Porsche 935 Baby: Birra com resultados

A Porsche foi gradualmente conquistando terreno na hierarquia das grandes marcas. A sua mais recente máquina era o dominador 935, que era tão bom que as pessoas viraram a atenção para carros pequenos. Mas os alemães deram um passo atrás só para mostrar que ainda sabiam dominar as classes baixas…

Estávamos em 1976, e a FISA resolveu mudar as regras dos carros de GT e turismo. O Grupo 5 foi recriado como uma fórmula para modelos derivados de série mas abertos

a muitas modificações. Ainda assim, houve parece ter havido apenas um engenheiro que leu o regulamento técnico e deu largas à imaginação para explorar todos os limites onde podia levar o seu novo carro. O seu nome era Norbert Singer, e a sua criação final chamava-se Porsche 935. Este é um carro que dispensa apresentações, é facilmente reconhecível pela sua dianteira mergulhante e aileron gigante. Com um motor 2.9 turbo (para ficar abaixo dos 4 litros após a multiplicação por 1,4) e muita pressão no turbo, atingia 590 cv (praticamente impossível de alcançar para um motor aspirado de 4 litros) para um peso de 970 kg. Estreou-se em 1976 e ganhou logo a primeira corrida onde participou, as 6 Horas de Mugello, prova de abertura do Mundial de Marcas.
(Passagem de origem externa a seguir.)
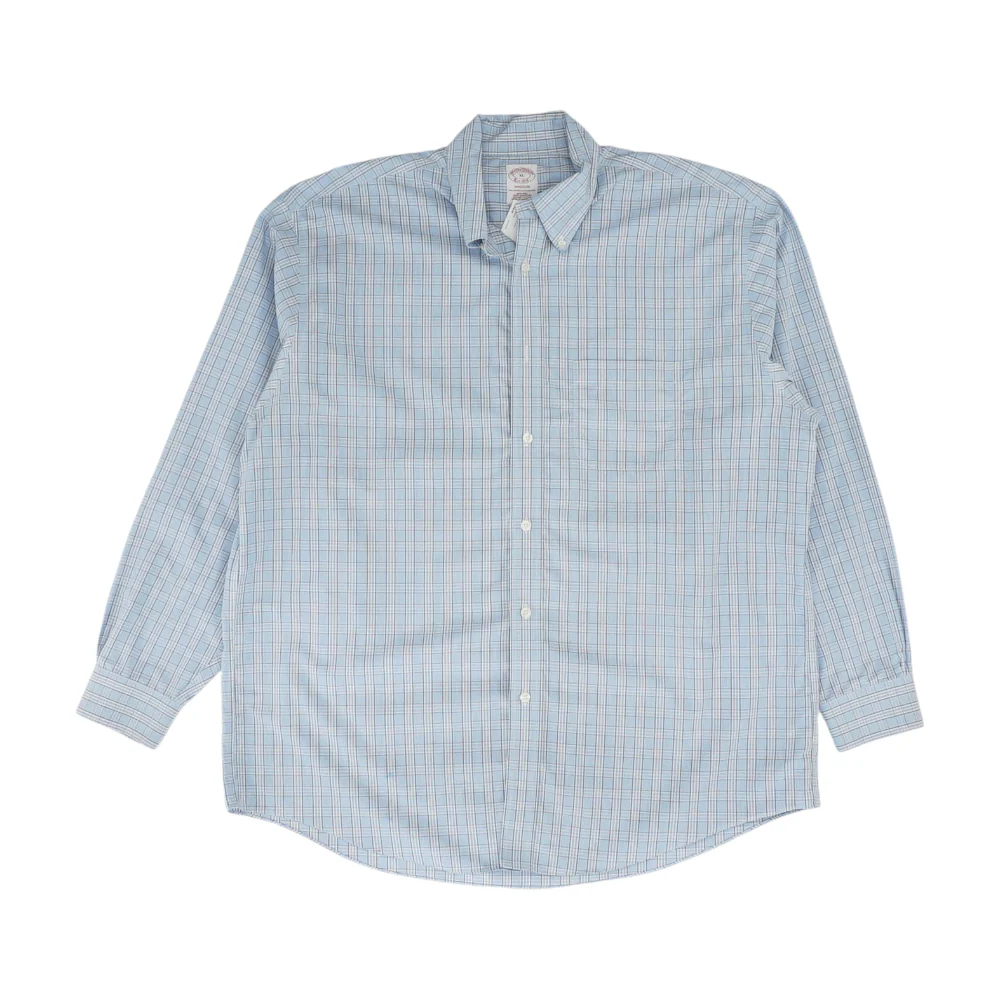 Blue Plaid Long Sleeve Button Down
Nenhum construtor conseguiu igualar a competitividade do carro, portanto, logicamente toda a gente quis ter um. Em 1977, começaram a surgir as versões clientes, com

a denominação 935/77A. Nesse ano, o Deutsche Rennsport Meisterschaft (DRM), campeonato nacional alemão com corridas de sprint, e antepassado do atual DTM, foi aberto aos Grupo 5 e, naturalmente, o Porsche 935 açambarcou as listas de inscritos da Divisão I, para carros com mais de 2000 cm3, já que Ford e BMW retiraram-se para se concentrar na Divisão II, onde podiam usar exemplares derivados dos seus modelos de estrada.
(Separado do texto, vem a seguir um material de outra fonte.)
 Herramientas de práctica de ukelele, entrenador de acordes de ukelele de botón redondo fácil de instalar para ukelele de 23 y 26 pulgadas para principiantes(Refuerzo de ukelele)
Isto levou a que a televisão alemã anunciasse que não ia transmitir a corrida da Divisão I no circuito de Norisring já que todos os carros eram da Porsche (ainda que os entendidos compreendessem que havia competição saudável entre as equipas Kremer, GeLo e Max Moritz). Mas para o fã casual era realmente uma corrida de carros iguais, e a Divisão II tinha a BMW e a Ford a lutar pelas vitórias. Até ao final dos anos 60, a Porsche tinha construído a sua reputação com carros de baixa cilindrada (o 356, 911 S, 550 e 906) mas, entretanto, tinha passado a dominar também as classes principais com ‘monstros’ como o 917 e o 934. Mas neste caso era necessário um regresso às origens e provar que a Porsche era capaz de ganhar em qualquer arena, e contra qualquer adversário.

Miniaturização de componentes Singer pegou no motor boxer de seis cilindros e reduziu a cilindrada para 1425 cm3, para que ficasse abaixo dos 2 litros com o fator de conversão. O peso foi reduzido para 750 kg (o derivado do 911 mais leve de sempre), graças à montagem de um chassis tubular de alumínio em vez de aço, e a potência ficou nos 370 cv, bem mais potente que os Ford Escort e BMW 320. Foi batizado oficialmente como 935/2.0, mas logo ganhou a alcunha Baby (bebé). Infelizmente, o 935 Baby só

ficou pronto três dias antes da prova do Norisring e Jacky Ickx não teve tempo para testar o carro. A fibra de vidro aquecia demasiado o habitáculo e o piloto belga tinha dificuldades em conduzir. Além do mais, as relações de caixa não eram as ideais para a pista nem para a potência do motor, pelo que não foi além do 12º lugar na qualificação. A meio da corrida, Ickx não aguentava mais e os problemas acumulavam-se em sucessão. O carro parou pouco depois de passar o ponto intermédio da corrida.

A Porsche resolveu passar por cima da corrida disputada no aeródromo de Diepholz para ter tempo para refinar o carro. Quase um mês depois da estreia falhada, Ickx apresentou-se à partida no autódromo de Hockenheim, onde ia ter lugar o GP da Alemanha de F1 com o DRM a servir como uma das corridas de apoio. Ickx não desiludiu,

o 935 Baby fez a pole position 2,8 segundos mais rápido que o segundo melhor, fez também a volta mais rápida, e Ickx bateu o BMW de Manfred Winkelhock por 51 segundos (quase três segundos por volta). Ernst Fuhrmann, diretor-geral da Porsche, estava satisfeito, a marca alemã tinha provado que era a melhor contra qualquer concorrência, e o Baby foi imediatamente para o museu da marca.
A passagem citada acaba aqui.